• _Problem details_:
Produce a verbatim copy of the records, and keep the images out of it.

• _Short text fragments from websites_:
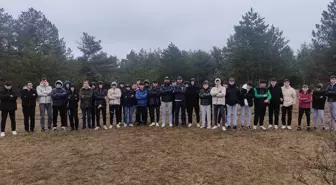 Kastamonu'da Gençler İçin Doğa Kampı Düzenlendi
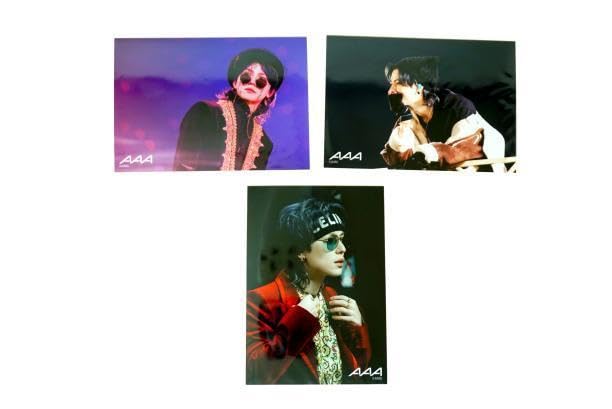 Amazon.co.jp: 公式写真 AAA 末吉秀太 3枚Set ライブ写真集版 thanx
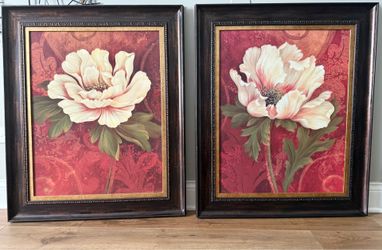 Large Framed art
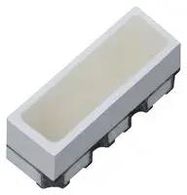 LED, RED/GRN/BLU, 700MCD/1.25CD/360MCD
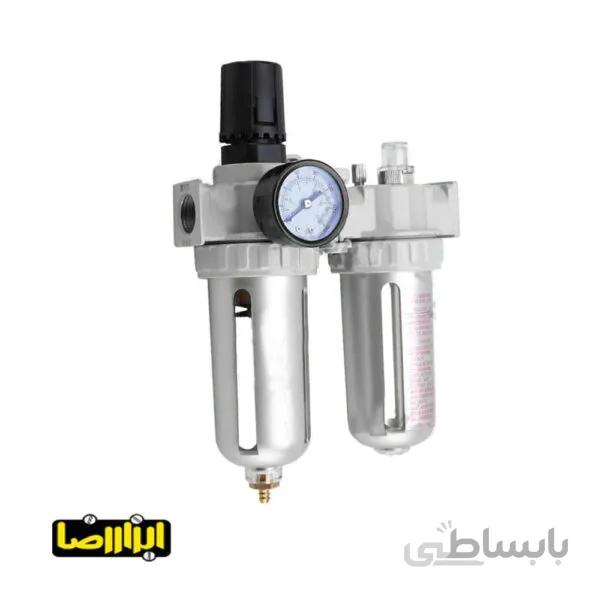 فیلتر رطوبت گیر دوقلو کمپرسور دیاکو مدل AFRL80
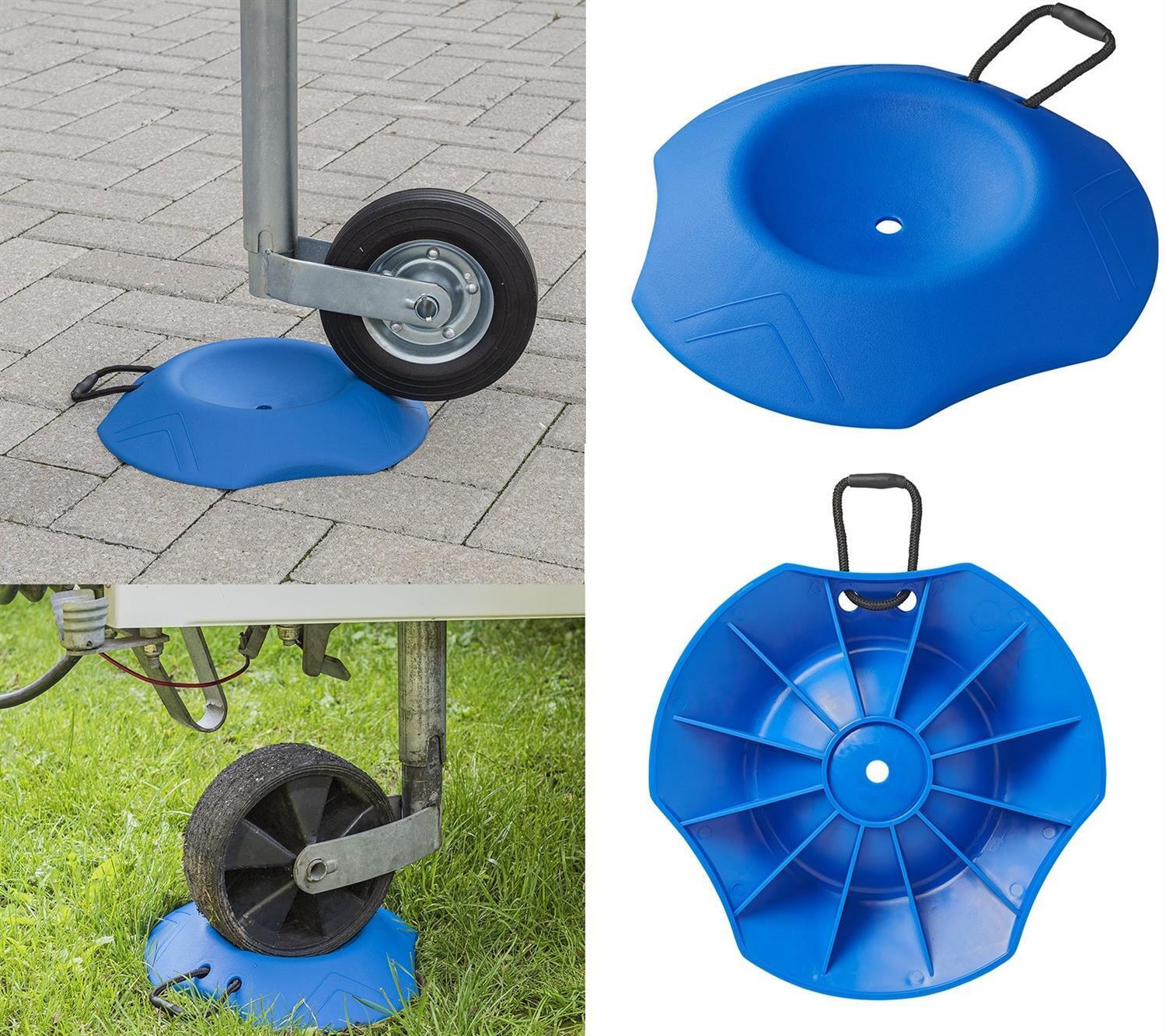 Unterlegkeil Stuetzrad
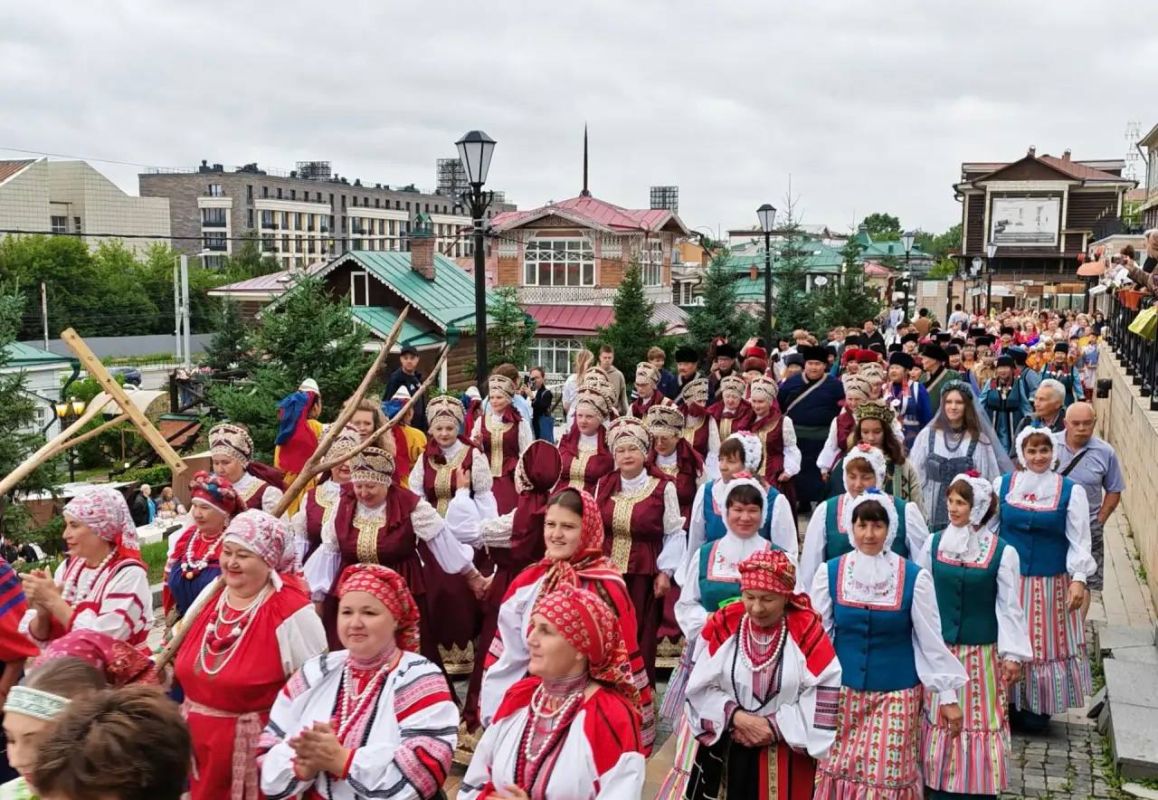 В Иркутске отметили Международный день коренных народов В Иркутске отметили Международный день коренных народов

• _Output for this task_:
 Kastamonu'da Gençler İçin Doğa Kampı Düzenlendi
 Amazon.co.jp: 公式写真 AAA 末吉秀太 3枚Set ライブ写真集版 thanx
 Large Framed art
 LED, RED/GRN/BLU, 700MCD/1.25CD/360MCD
 فیلتر رطوبت گیر دوقلو کمپرسور دیاکو مدل AFRL80
 Unterlegkeil Stuetzrad
 В Иркутске отметили Международный день коренных народов В Иркутске отметили Международный день коренных народов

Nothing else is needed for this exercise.